╭──

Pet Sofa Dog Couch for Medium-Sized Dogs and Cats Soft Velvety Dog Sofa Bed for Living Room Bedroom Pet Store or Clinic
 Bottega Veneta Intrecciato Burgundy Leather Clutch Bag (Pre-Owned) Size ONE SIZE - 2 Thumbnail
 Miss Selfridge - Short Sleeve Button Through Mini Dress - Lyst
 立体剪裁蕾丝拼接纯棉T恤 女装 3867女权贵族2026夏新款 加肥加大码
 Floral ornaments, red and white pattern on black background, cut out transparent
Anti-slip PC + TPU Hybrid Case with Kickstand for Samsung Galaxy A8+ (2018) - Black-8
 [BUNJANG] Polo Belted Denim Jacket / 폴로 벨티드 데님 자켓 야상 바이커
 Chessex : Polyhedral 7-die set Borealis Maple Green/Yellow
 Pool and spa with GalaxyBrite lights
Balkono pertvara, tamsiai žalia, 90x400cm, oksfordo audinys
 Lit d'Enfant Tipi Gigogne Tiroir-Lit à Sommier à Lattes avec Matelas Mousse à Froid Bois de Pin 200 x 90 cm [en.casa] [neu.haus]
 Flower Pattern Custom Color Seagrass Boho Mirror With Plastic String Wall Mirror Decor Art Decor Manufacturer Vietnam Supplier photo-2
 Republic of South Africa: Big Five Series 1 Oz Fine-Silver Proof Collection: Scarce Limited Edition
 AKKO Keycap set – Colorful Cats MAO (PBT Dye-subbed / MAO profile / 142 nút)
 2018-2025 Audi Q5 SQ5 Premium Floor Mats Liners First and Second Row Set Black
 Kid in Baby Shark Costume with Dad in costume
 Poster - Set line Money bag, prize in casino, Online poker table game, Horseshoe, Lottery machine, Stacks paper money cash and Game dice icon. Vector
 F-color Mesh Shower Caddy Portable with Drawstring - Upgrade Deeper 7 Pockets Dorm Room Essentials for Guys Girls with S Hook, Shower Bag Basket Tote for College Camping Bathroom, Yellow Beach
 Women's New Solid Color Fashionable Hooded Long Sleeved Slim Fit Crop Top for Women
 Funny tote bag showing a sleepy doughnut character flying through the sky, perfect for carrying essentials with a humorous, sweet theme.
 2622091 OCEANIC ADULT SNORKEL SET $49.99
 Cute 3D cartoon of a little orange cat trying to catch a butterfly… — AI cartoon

╰──

In the listing above, find the line containing "AKKO Keycap set" and the line containing "Poster - Set", then retype both and every line between them exactly, with nothing else.

§ **FINAL ANSWER**:
 AKKO Keycap set – Colorful Cats MAO (PBT Dye-subbed / MAO profile / 142 nút)
 2018-2025 Audi Q5 SQ5 Premium Floor Mats Liners First and Second Row Set Black
 Kid in Baby Shark Costume with Dad in costume
 Poster - Set line Money bag, prize in casino, Online poker table game, Horseshoe, Lottery machine, Stacks paper money cash and Game dice icon. Vector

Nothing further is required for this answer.